第5 圧縮天然ガスその他のガスの充てん設備を設置する給油取扱所に関する事項
 従来から、圧縮天然ガスを燃料として用いる自動車等に当該圧縮天然ガスを充てんする設備を設ける給油取扱所の位置、構造及び設備の技術上の基準が定められていたが、今回の改正により、圧縮天然ガス以外にも、一定のガスを燃料として用いる自動車等に当該ガスを充てんするための設備を設ける給油取扱所の位置、構造及び設備の技術上の基準について、令第17条第1項及び第2項の基準の特例を定めることができるものとされたこと(令第17条第3項第4号関係)。
 当該給油取扱所において充てんすることができるガスの種類及びその基準の特例については、今後、規則において規定される予定であること。

第6 顧客に自ら給油等をさせる給油取扱所に関する事項

 1 位置、構造及び設備の技術上の基準に関する事項
  顧客に自ら自動車等に給油させ、又は灯油若しくは軽油を容器に詰め替えさせる給油取扱所(以下「顧客に自ら給油等をさせる給油取扱所」という。)については、令第17条第1項から第4項までに掲げる基準を超える特例を省令で定めることができるものとされたこと(令第17条第5項関係)。
  顧客に自ら給油等をさせる給油取扱所の具体的内容及びその基準の特例については、今後、規則において規定される予定であること。
  なお、令第17条第5項により規則において規定される基準は、令第17条第1項から第4項までに掲げる基準を「超える」特例であるため、特例を定めない事項については令第17条第1項から第4項までの基準が適用になるものであること。

 2 取扱いの技術上の基準に関する事項
  顧客に自ら給油等をさせる給油取扱所における取扱いの基準は、令第27条第6項第1号(カを除く。)の規定の例によるほか、省令で定めるところによるものとされたこと(令第27条第6項第1号の3関係)。
  当該取扱いの基準については、今後、規則において規定される予定であること。

 3 その他
  顧客に自ら給油等をさせる給油取扱所の位置、構造及び設備の技術上の基準の特例が定められることに伴い、顧客に自ら給油等をさせる給油取扱所以外の給油取扱所において顧客に自ら自動車等に給油させ、又は灯油若しくは軽油を容器に詰め替えさせ、若しくは車両に固定されたタンクに注入させてはならない旨が明示されたこと(令第27条第6項第1号カ関係)。

第7 一般取扱所の特例に関する事項
 一般取扱所のうち、その施設における危険物の取扱形態が類型化できる次のものについて、令第19条第1項の基準の特例を定めることができるものとされたこと(令第19条第2項第1号の2、第7号及び第8号関係)。

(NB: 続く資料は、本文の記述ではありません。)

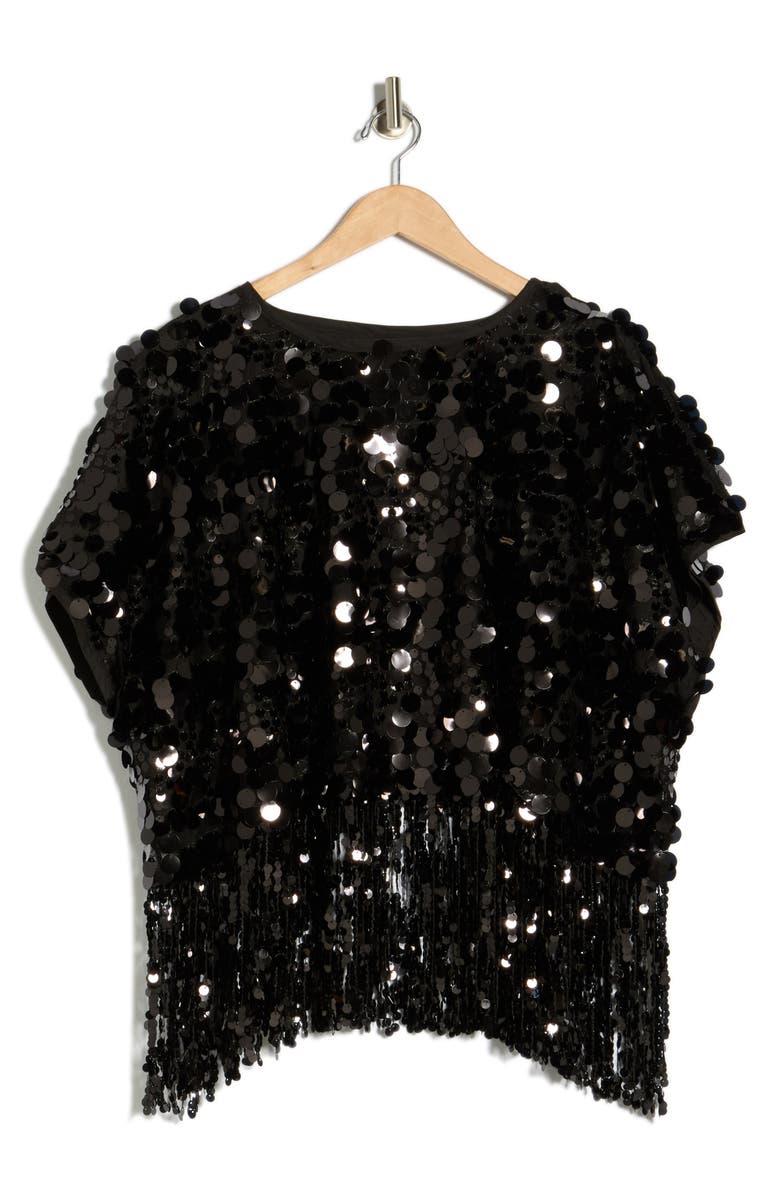 Ted Baker London Sequin Poncho, Alternate, color, Black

 1 洗浄の作業を行う一般取扱所その他これに類する一般取扱所

 2 切削油として危険物を用いた切削装置又は研削装置を設置する一般取扱所その他これに類する一般取扱所

 3 危険物以外の物を加熱するため危険物を用いた熱媒体油循環装置を設置する一般取扱所その他これに類する一般取扱所
  これらの一般取扱所の具体的内容及びその基準の特例については、今後、規則において規定される予定であること。

第8 その他の事項

 1 国際単位系に係る計量単位への変更に関する事項
  計量法の改正に伴い、取引又は証明に使用される計量単位を国際単位系に係る計量単位に変更するものとされたことを踏まえ、今回の改正により、製造所等の位置、構造及び設備に係る技術上の基準並びに指定可燃物の範囲に使用する計量単位を国際単位系に係る計量単位に改めるものとされたこと(令第8条の3、第13条第1項第6号、第14条第6号、第15条第1項第2号、第40条第1項の表の(2)の項及び(2)の項並びに別表第4備考第5号ハ及びニ関係)。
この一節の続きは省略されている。